Anjem Choudary, Britain's best-known Islamist preacher, was jailed on Tuesday for five years and six months for encouraging support for Islamic State, ending years of frustration for police who had struggled to pin charges on him.
Choudary, 49, and close associate Mizanur Rahman, 33, who received the same sentence, had been convicted by a jury in July of using the Internet to urge followers to back the banned group, which controls large areas of Syria and Iraq.
"These men have stayed just within the law for many years and there has been frustration for both law enforcement agencies and communities as they spread hate," said Dean Haydon, head of counter-terrorism at London's Metropolitan Police.
"We have watched Choudary developing a media career as spokesman for the extremists, saying the most distasteful of comments, but without crossing the criminal threshold," Haydon said in a statement.
Long denounced by the press in Britain as a hate preacher, Choudary is also well-known abroad, making regular TV appearances in the wake of attacks by Islamist militants to blame Western foreign policy for targeting Muslims.
His trial heard that in postings on social media, Choudary and Rahman had pledged allegiance to the "caliphate" declared by Abu Bakr al-Baghdadi and said Muslims had a duty to obey or provide support to him.
"Their recent speeches and the oath of allegiance were a turning point for the police - at last we had the evidence that they had stepped over the line and we could prove they were actively encouraging support of ISIS," said Haydon.
Both men had denied the terrorism charges and said the case against them was politically motivated. They were convicted after a four-week trial at London's Old Bailey criminal court, where they were sentenced by a judge on Tuesday.

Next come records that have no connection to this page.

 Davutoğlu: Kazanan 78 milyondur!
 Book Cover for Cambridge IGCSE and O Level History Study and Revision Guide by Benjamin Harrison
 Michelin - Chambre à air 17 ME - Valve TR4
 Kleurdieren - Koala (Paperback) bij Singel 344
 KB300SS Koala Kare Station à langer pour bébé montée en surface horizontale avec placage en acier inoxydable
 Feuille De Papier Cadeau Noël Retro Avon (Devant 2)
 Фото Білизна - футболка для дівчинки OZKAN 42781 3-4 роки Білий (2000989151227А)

Choudary, the former head of the now banned organization al-Muhajiroun, first drew widespread attention for praising the men behind the 9/11 attacks on the United States and for saying he wanted to convert Buckingham Palace, Queen Elizabeth's official London residence, into a mosque.
OATH OF ALLEGIANCE
Despite such comments and his refusal to condemn attacks by Islamists, including bombings of the London transport system in 2005, Choudary has always denied any involvement in militant activity and had never been previously charged with any terrorism offense.
Rahman had previously served two years in jail for encouraging followers during a protest in 2006 to kill British and U.S. troops in Afghanistan and Iraq.

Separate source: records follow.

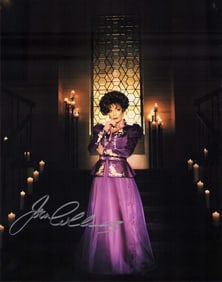 Joan Collins signed photograph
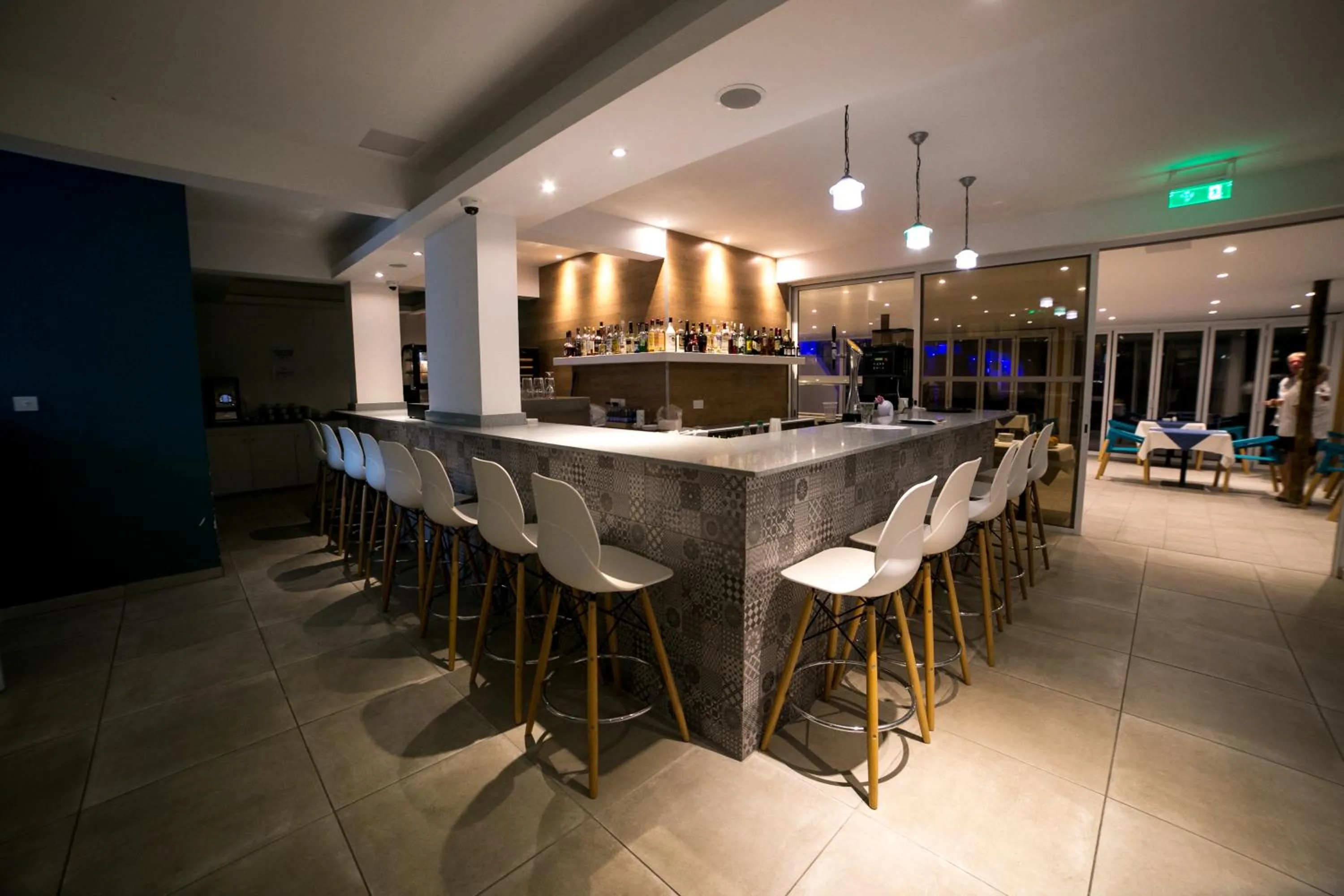 Lounge or bar in Marica's Boutique Hotel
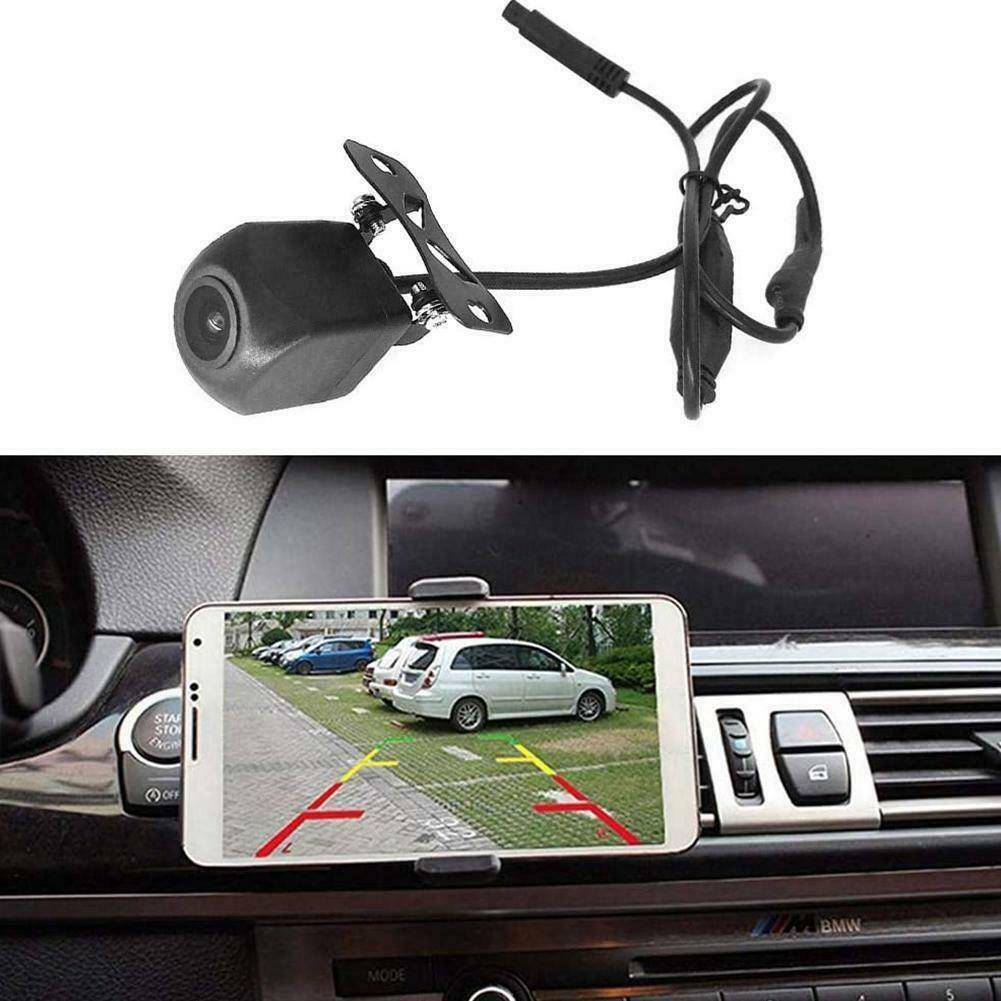 175°WiFi Wireless Car Rear View Cam Backup Reverse Camera For iPhone Android IOS - Image 4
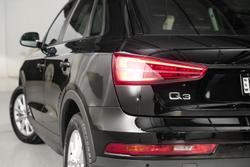 2016 Audi Q3 TFSI 8U MY17 Brilliant Black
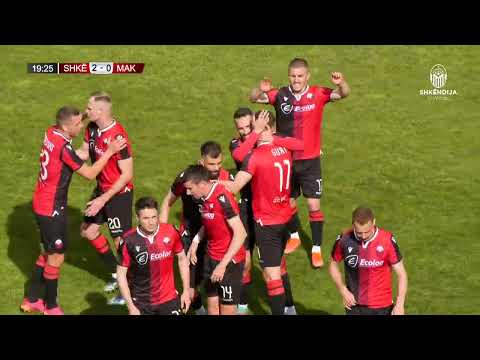 21/22 | Shkëndija 3 - 1 Makedonija GP | HIGHLIGHTS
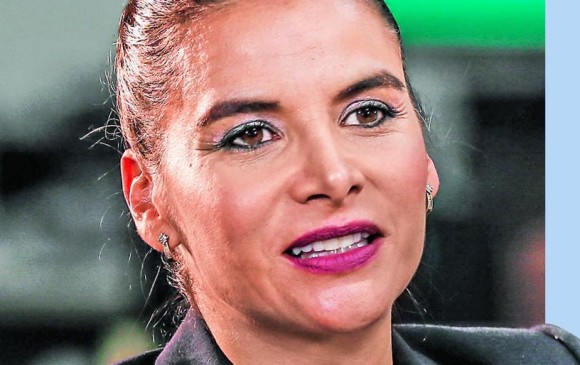 Imagen de la actriz Natalia Ramírez recordada por su rol de Marcela Valencia, en Yo soy Betty, la fea FOTO Camilo Suárez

Evidence presented during the trial included speeches posted online in which Choudary spelt out his arguments for recognizing Al-Baghdadi as the leader of Islamic State.
The court had also heard that Choudary and Rahman had pledged allegiance to the group and used Mohammed Fachry, a convicted terrorist, to publish the oath on an Indonesian website.
"The jury were sure that you knowingly crossed the line between the legitimate expression of your own views and the criminal act of inviting support for an organization which was at the time engaged in appalling acts of terrorism," said the judge, Timothy Holroyde.
"You are both mature men and intelligent men who knew throughout exactly what you were doing."
Al-Muhajiroun, a banned group whose name in Arabic means 'The Emigrants', has been viewed as a breeding ground for militants since it was founded in the late 1990s by Syrian-born Islamist cleric Omar Bakri. He was banished from Britain in 2005.
Police said the group was suspected of being the driving force behind the 2005 London bombings, while Michael Adebolajo, one of the men who hacked to death British soldier Lee Rigby on a London street in 2013, had attended protests organized by Choudary.
The group's influence is believed to extend far beyond Britain. Those connected to it include Abu Hamza al-Masri, who was jailed for life in the United States last year for terrorism-related offences.